ATP induced MUC5AC release from human airways in vitro.

P Roger 1, J P Gascard 1, J Bara 1, V T de Montpreville 1, M Yeadon 1, C Brink 1
PMCID: PMC1781772  PMID: 11213911

Abstract

BACKGROUND: Chronic airway diseases are often associated with marked mucus production, however, little is known about the regulation of secretory activity by locally released endogenous mediators. AIM: This investigation was performed to determine the release of MUC5AC mucin from human bronchial preparations using the purinergic agonists adenosine 5'-triphosphate (ATP) and uridine 5'-triphosphate (UTP). METHODS: Immunohistochemical and immunoradiometric assays (IRMA) were used to detect the MUC5AC mucin.
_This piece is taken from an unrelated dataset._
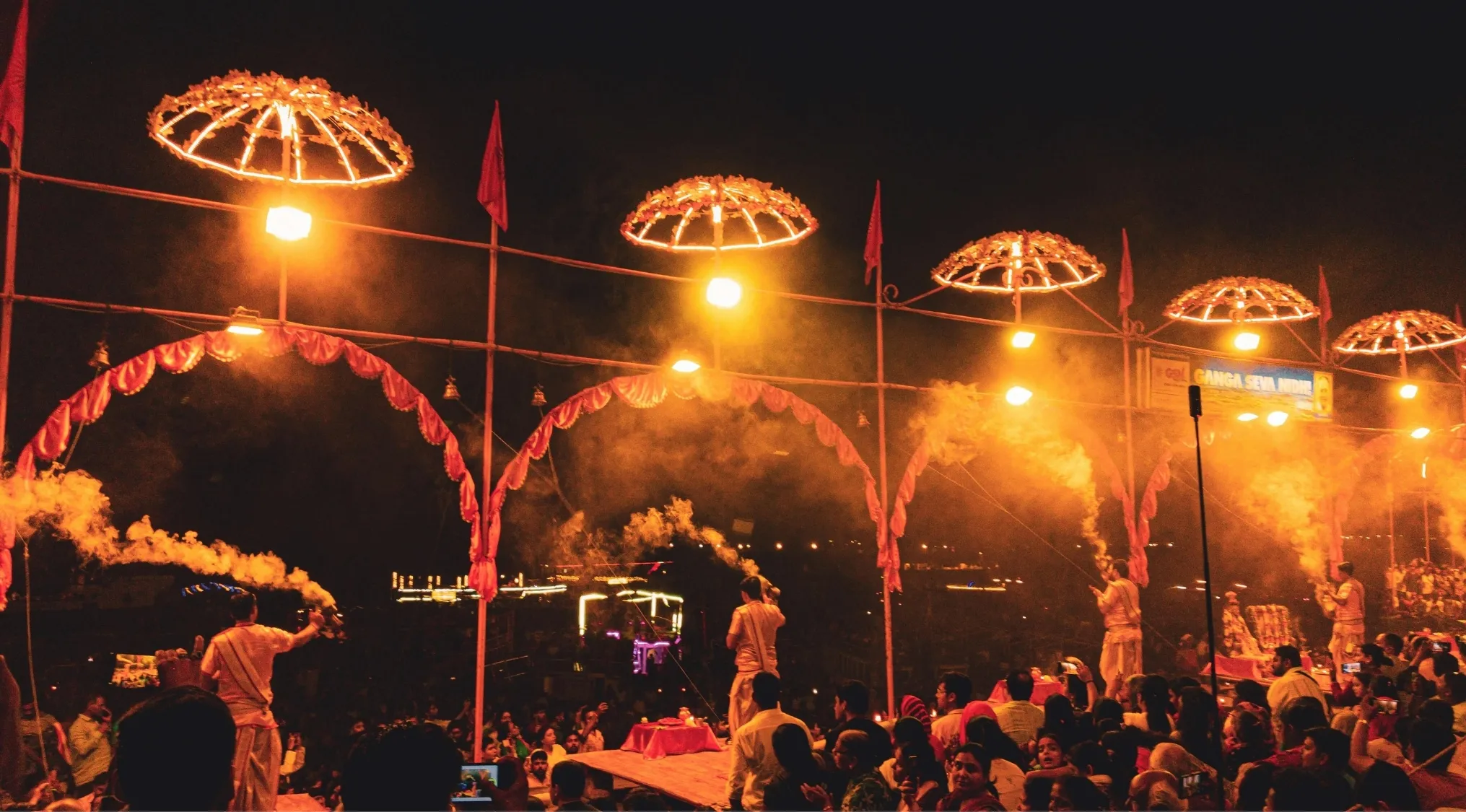 Crowd watching traditional Indian ceremony with men holding flaming fans at night, relating to India’s national animal quiz.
Immunohistochemical analysis were performed using individual 1-13 M1 and 21 M1 MAbs recognizing a recombinant M1 mucin partially encoded by the MUC5AC gene. IRMA measurments were performed using a mixture of eight anti-M1 mucin MAbs (PM8), which included both 1-13 M1 and 21 M1 MAbs. Lysozyme and protein were also measured in the biological fluids derived from human bronchial preparations obtained from patients who had undergone surgery for lung carcinoma. RESULTS: The anti-M1 monoclonal antibodies labelled epithelial goblet cells. After challenge of human bronchial preparations with ATP, the goblet cells exhibited less staining. In contrast, UTP did not alter the immunolabelling of goblet cells. MUC5AC mucin in the bronchial fluids derived from ATP-challenged preparations was increased while UTP had no effect on release. ATP did not alter either the quantities of lysozyme or protein detected in the biological fluids. CONCLUSION: These results suggest that ATP may regulate epithelial goblet cell secretion of MUC5AC mucin from human airways in vitro.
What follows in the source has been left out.